Refinery outages in the US are rippling through the global export markets for oil and forcing producers in Canada to find new buyers to process their crude.
Canadian oil sands producers have been pumping at record levels to fill supply needs left after western economies put sanctions on Russia. Canada typically sends crude to refiners in the US, where two plants were forced to halt production after fires.
The winner in the shake up appears to be refiners in Asia, who are seeing shipments from Canada surge to the highest in more than a year.
At least 7 million barrels of heavy-sour crude produced in Canada’s oil sands have been sold to Asian buyers for February loading, according to people familiar with the matter. That’s the most since January 2022, Vortexa data shows.

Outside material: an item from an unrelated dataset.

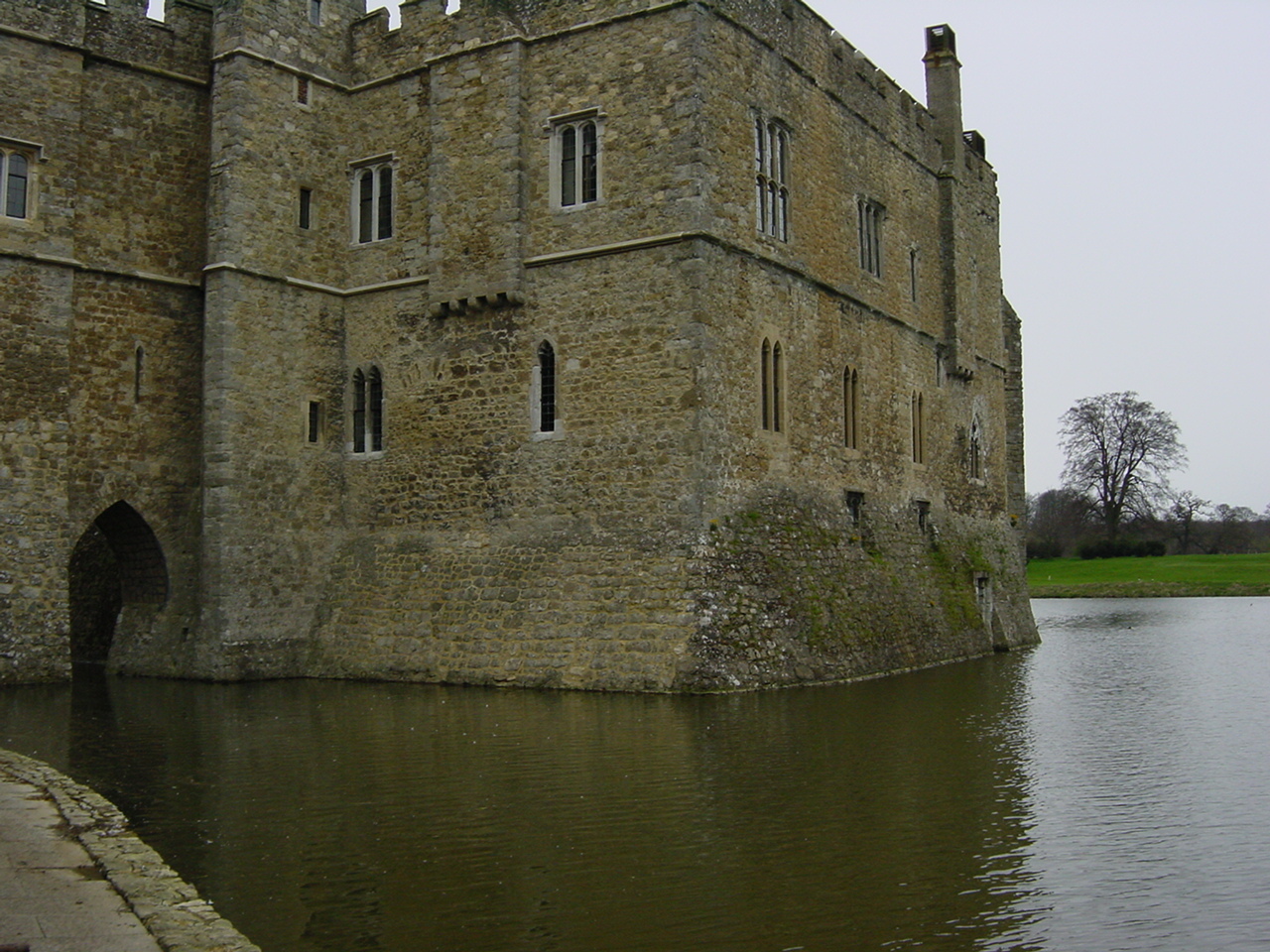 Picture United Kingdom Leeds castle 2001-04 27 - Recreation Leeds castle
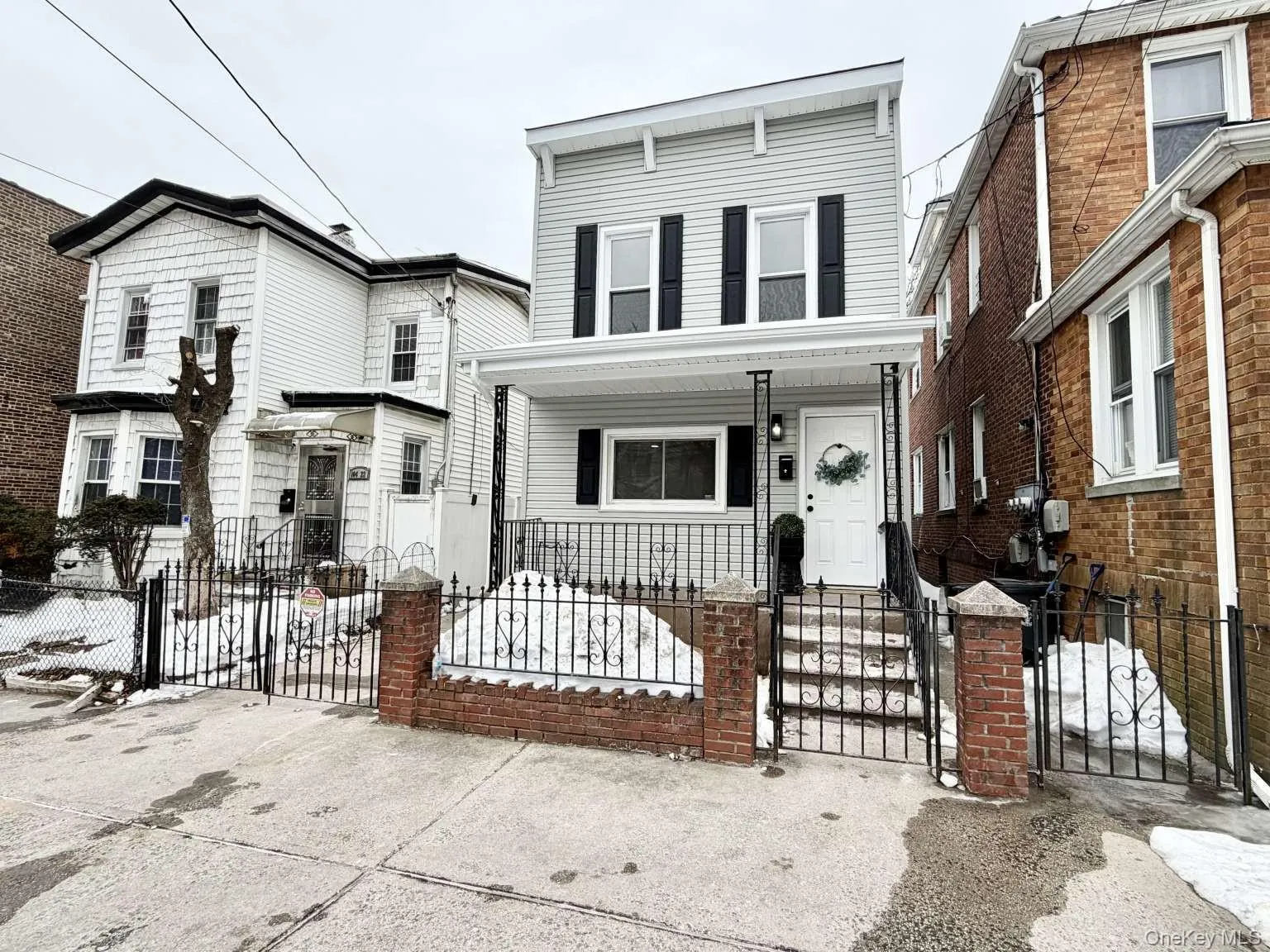 104-20 47th Avenue, New York, NY, 2 Bedrooms Bedrooms, 6 Rooms Rooms,2 BathroomsBathrooms,Residential,For Rent,47th,0,1052324 104-20 47th Avenue, New York, NY, 2 Bedrooms Bedrooms, 6 Rooms Rooms,2 BathroomsBathrooms,Residential,For Rent,47th,0,1052324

The two shuttered US refiners together consume an average of 3 million barrels of Canadian oil per month.
Daily production in Alberta’s oil sands is surging, helping to send total output to a record 3.96 million barrels a day in November, government data shows. The Canadian government has said production will keep rising this year in response to the Russian invasion of Ukraine.
- Unipec, the trading arm of China’s biggest state-owned oil refiner Sinopec, will take 3 million barrels, while PetroChina Co. and Indian refiner Reliance Industries Ltd. will each receive 2 million, said the people, who asked not to be named discussing confidential matters.
- Another 1 million barrels was sold to Repsol SA for Europe, the people said.
- Cold Lake crude from Alberta was being offered in the export market at about $22 a barrel below the ICE Brent benchmark for loading on the US Gulf Coast, traders said. The same grade for domestic consumption traded at a $14.85 discount to WTI on the Gulf Coast, 40 cents stronger than Tuesday, data show.
- BP Plc’s BP-Husky Toledo refinery in Ohio isn’t expected to return to service before late in the second quarter, while Suncor Energy’s Commerce City facility in Colorado is shut until later this quarter.